Taiwan has the right to shoot down any Chinese balloons that posed “high security” threats, the country’s defence ministry said after a report cited officials saying such balloons “very frequently” breached the self-governed island’s airspace.

“The ministry has rules in terms of response and will continue revising the rules in a timely manner to respond to new threats such as balloons,” defence ministry spokesperson Sun Li-fang said.

“The military will adopt appropriate measures, including shooting threats down, according to the level of concern,” he told Bloomberg.

However, such measures have not been necessary so far, the defence ministry said, adding that it had not spotted any surveillance balloons from China, similar to the one downed by the US.

Washington shot down a Chinese “spy” balloon on 4 February off the coast of South Carolina after it traversed above sensitive military sites across North America, triggering a diplomatic spat.

Beijing has argued that the balloon was a civilian research craft that had mistakenly blown off course.

The majority of the balloons near Taiwan’s waters were used for meteorological purposes, major general Huang Wen-chi, a military intelligence officer, told reporters on Tuesday.

The balloons detected near Taiwan had no steering capability and thus were unlikely to be used for surveillance, he said.

Weather balloons were not a security threat, he added.

Mr Huang said they will not make public the exact number of incursions detected “to avoid giving away the sources of our intelligence gathering”. The number of balloons detected from China were reportedly in “accordance with the number of weather balloons it sends each year”.

The statement comes on the heels of a report in the Financial Times which cited unnamed military sources saying that dozens of Chinese balloons have crossed into Taiwanese airspace over the past years, with the latest incident being just a few weeks ago.

“They come very frequently, the last one just a few weeks ago,” a senior Taiwanese official was quoted by the newspaper in the report published on Monday.

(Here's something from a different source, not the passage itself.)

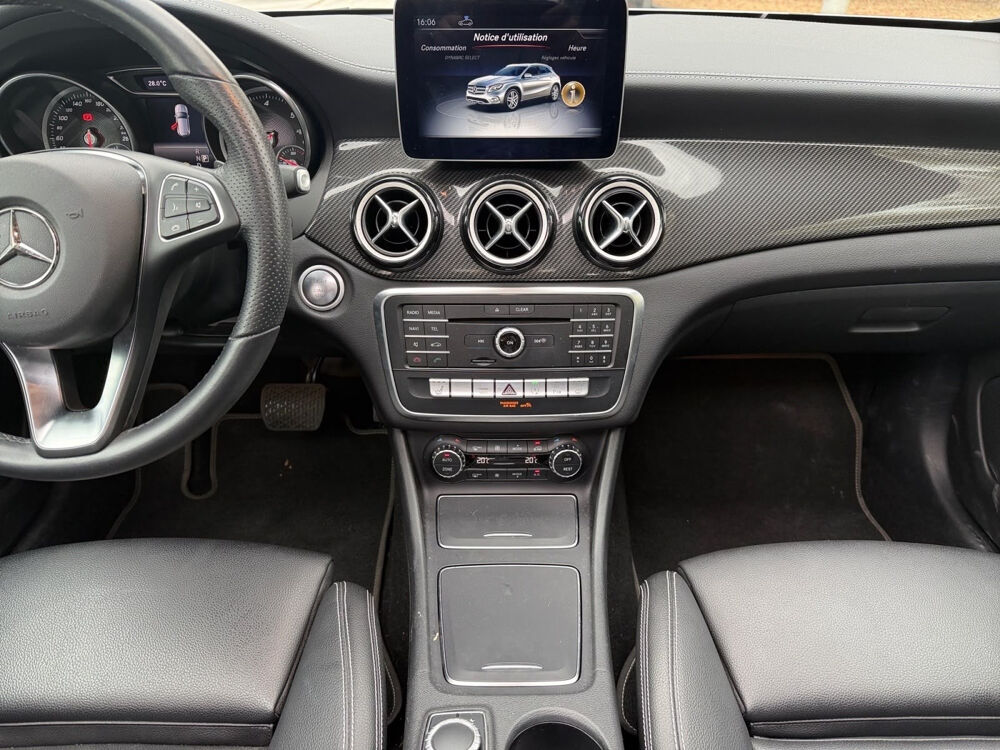 Classe GLA GLA 200 d 7-G DCT Starlight Edition 2019 occasion 77400 Lagny-sur-Marne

Such incursions were happening on average once a month, the report stated.

Previously Taiwan had only confirmed the presence of Chinese balloons in an incident in February last year, when four batches of the aircraft were seen hovering over the island’s north.

China has beefed up its military aggression around Taiwan, including flying a record number of warplanes into its airspace, in an effort to exert its claim over the island.

China says Taiwan is a part of its national territory even though Taipei has been self-ruled after splitting from the mainland in 1949 following a civil war.